### EXERCISE INSTRUCTIONS
Beginning with the first line, return the material verbatim and without pictures.

### GIVEN MATERIAL
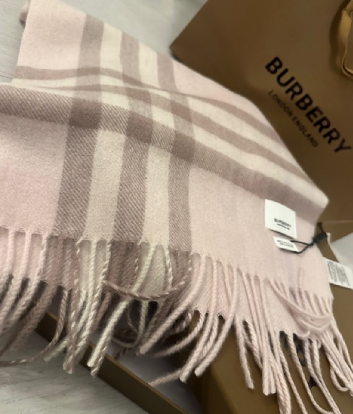 Burberry London scarf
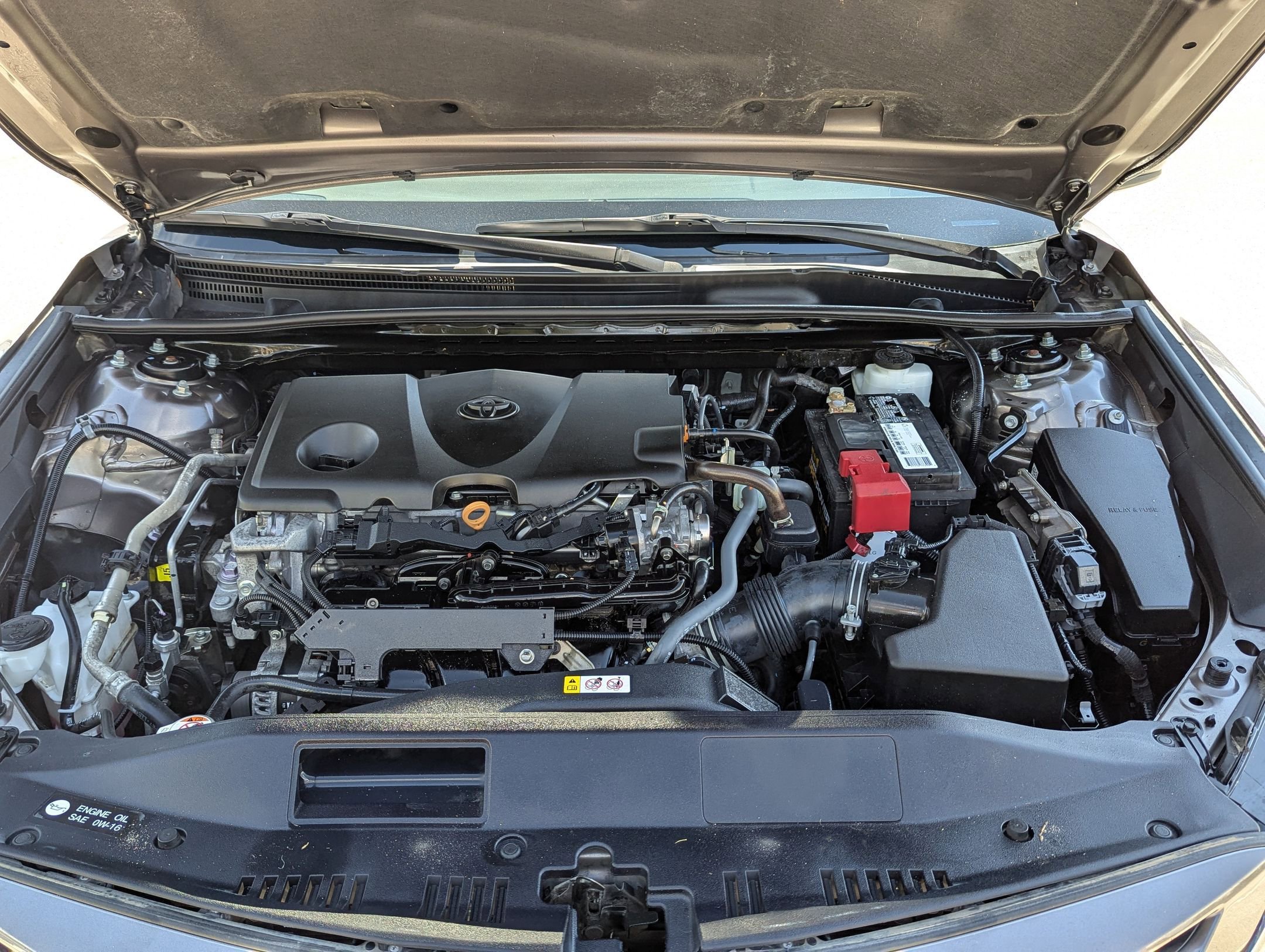 2021 Toyota Camry SE photo 32
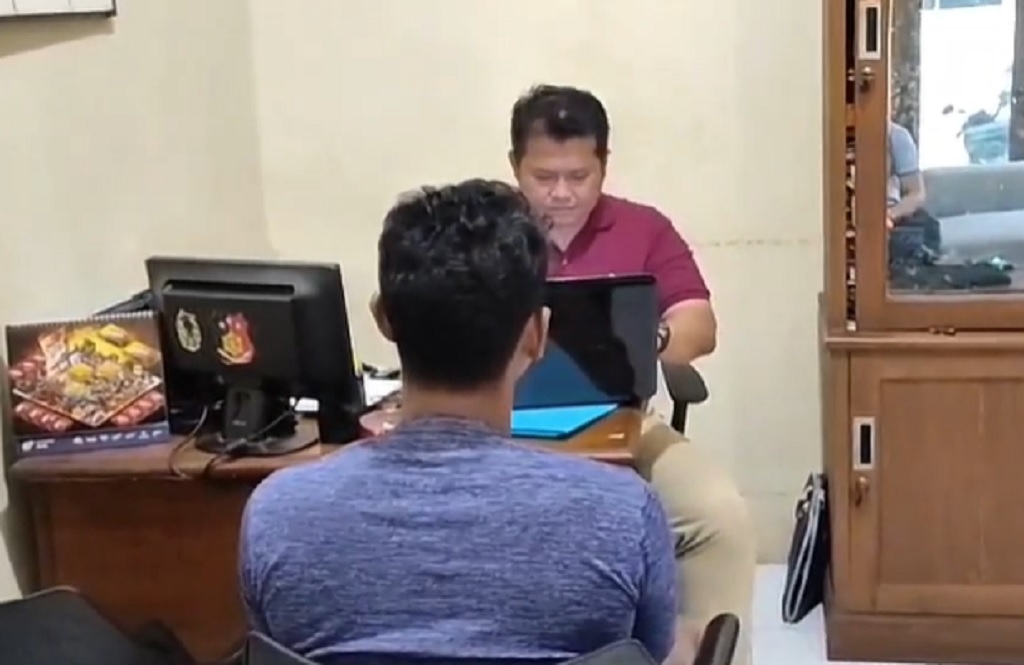 Kronologi Istri Ditusuk Suami Pakai Obeng saat Ambil Rapor di Semarang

### REPLY
 Burberry London scarf
 2021 Toyota Camry SE photo 32
 Kronologi Istri Ditusuk Suami Pakai Obeng saat Ambil Rapor di Semarang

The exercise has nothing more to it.